With the images removed, reproduce each entry below word for word.
[[ SOURCE MATERIAL open ]]
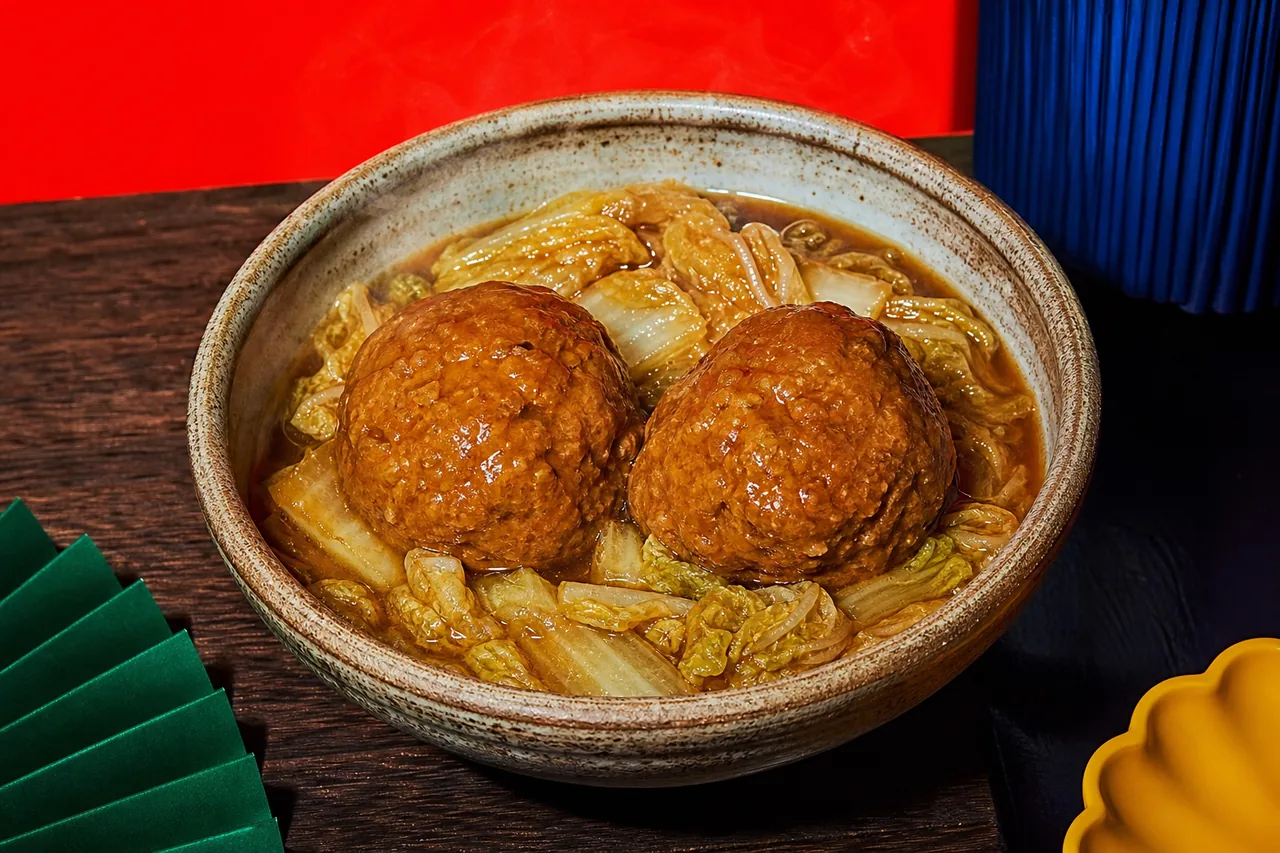 Boulettes lion's head (shizi tou)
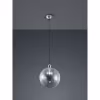 ronde LED hanglamp in mat nikkel met E27 fitting en modern aluminium design, 28W vermogen ronde LED hanglamp in mat nikkel met E27 fitting en modern aluminium design, 28W vermogen
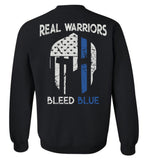 Real Warrior Bleed Blue Unisex Sweatshirt
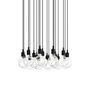 Muuto Cluster Pendelleuchten E27 von Muuto Black, 18 Lampen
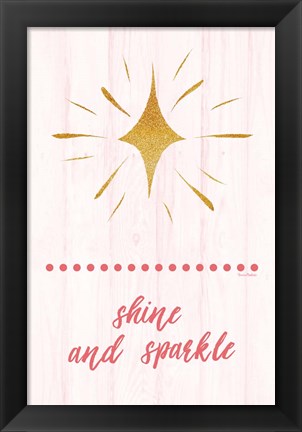 Framed Shine and Sparkle Print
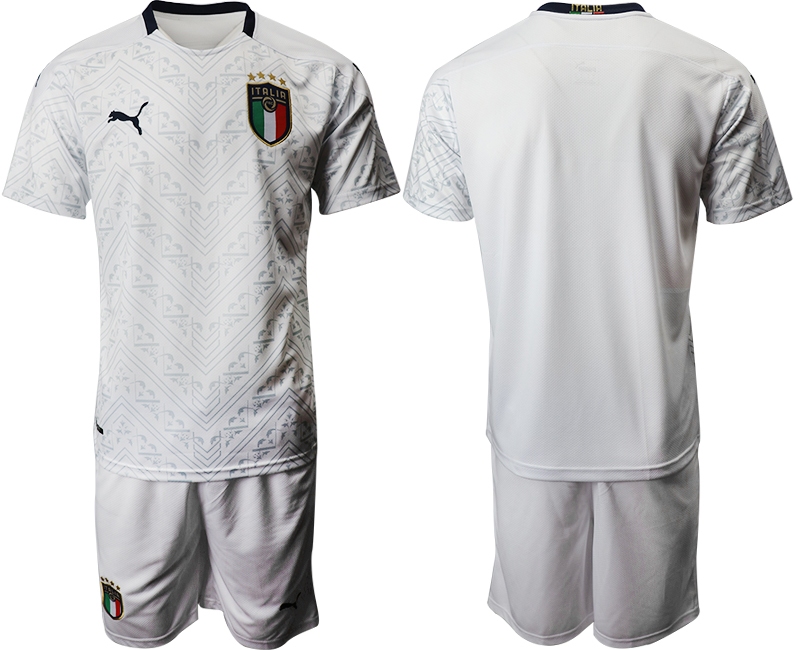 2021 Men Italy away blank white soccer jerseys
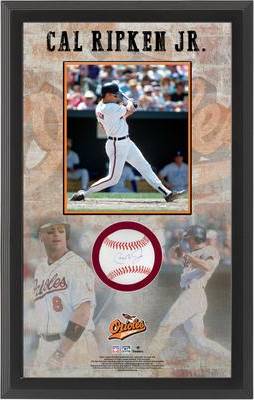 Fanatics Authentic Cal Ripken Jr Autographed Baseball Shadow Box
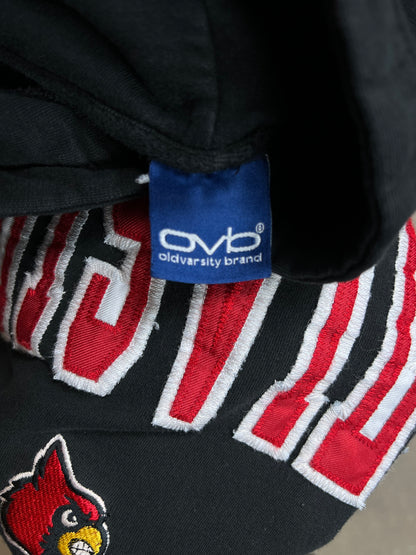 Black Louisville Cardinals American football NFL Varsity Hoodie (Large)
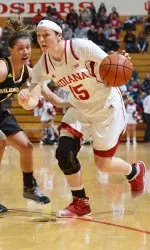 Redshirt sophomore Kaila Hulls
[[ SOURCE MATERIAL closed ]]
**ANSWER BOX:**
 Boulettes lion's head (shizi tou)
 ronde LED hanglamp in mat nikkel met E27 fitting en modern aluminium design, 28W vermogen ronde LED hanglamp in mat nikkel met E27 fitting en modern aluminium design, 28W vermogen
 Real Warrior Bleed Blue Unisex Sweatshirt
 Muuto Cluster Pendelleuchten E27 von Muuto Black, 18 Lampen
 Framed Shine and Sparkle Print
 2021 Men Italy away blank white soccer jerseys
 Fanatics Authentic Cal Ripken Jr Autographed Baseball Shadow Box
 Black Louisville Cardinals American football NFL Varsity Hoodie (Large)
 Redshirt sophomore Kaila Hulls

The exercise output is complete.